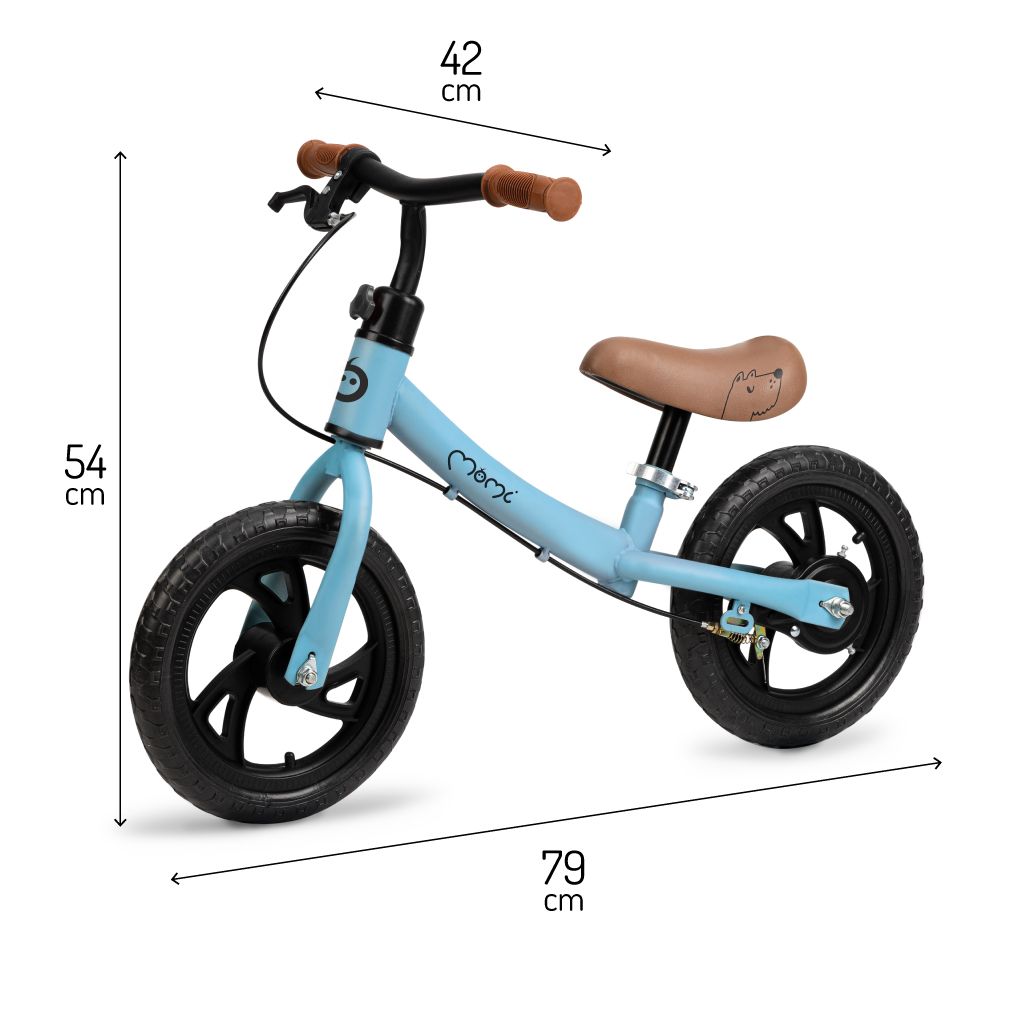 MoMi - BREKI balance bike with brake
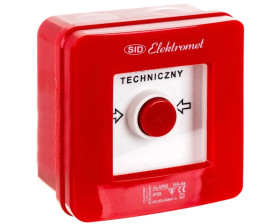 Wyłącznik alarmowy natynkowy WA-4s ALARM 921415
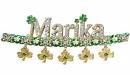 St. Patrick's bracelet Marika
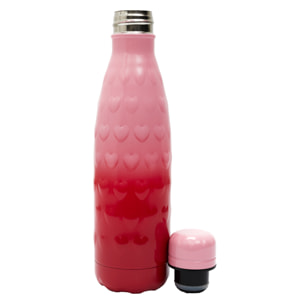 Coffret Bouteille Embossee Avec Porte Clef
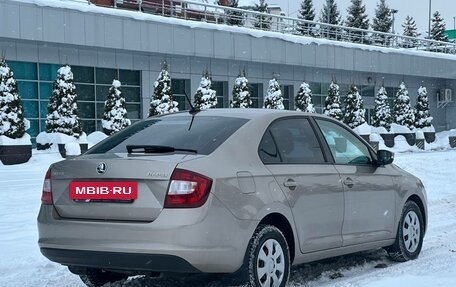 Skoda Rapid I, 2018 год, 1 275 000 рублей, 6 фотография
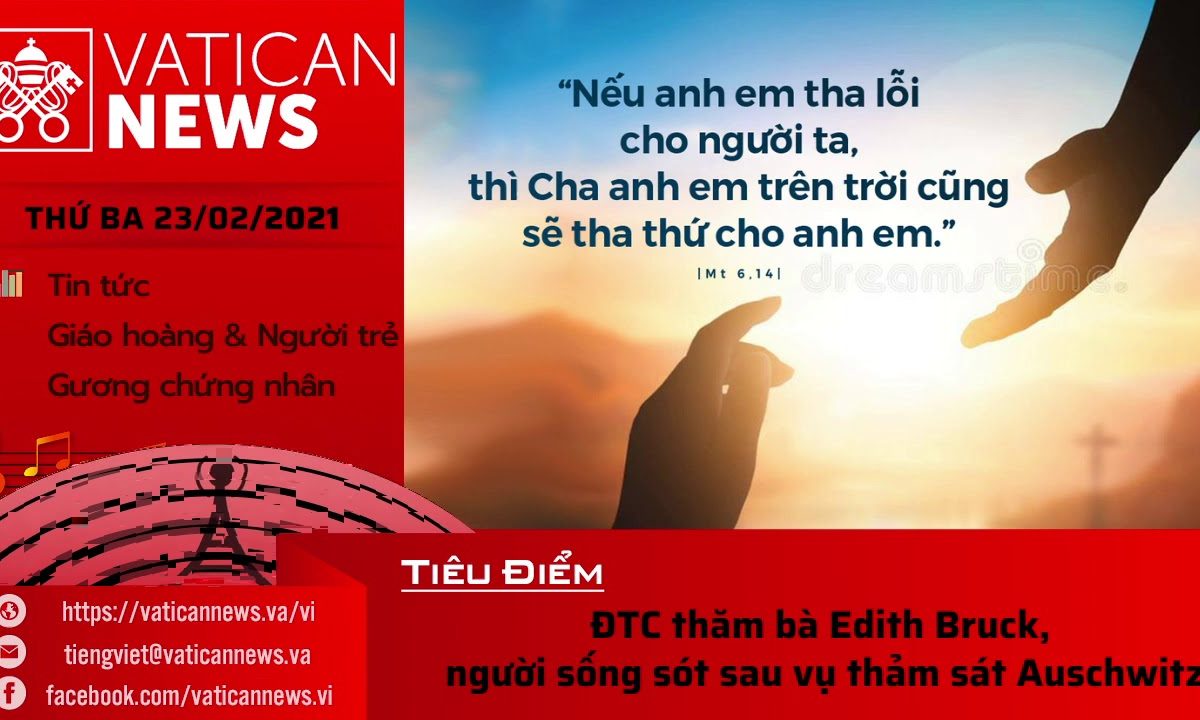 Radio: Vatican News Tiếng Việt thứ Ba 23.02.2021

Work order:
For each record above, write out every line exactly and skip the pictures.

Completed exercise:
 MoMi - BREKI balance bike with brake
 Wyłącznik alarmowy natynkowy WA-4s ALARM 921415
 St. Patrick's bracelet Marika
 Coffret Bouteille Embossee Avec Porte Clef
 Skoda Rapid I, 2018 год, 1 275 000 рублей, 6 фотография
 Radio: Vatican News Tiếng Việt thứ Ba 23.02.2021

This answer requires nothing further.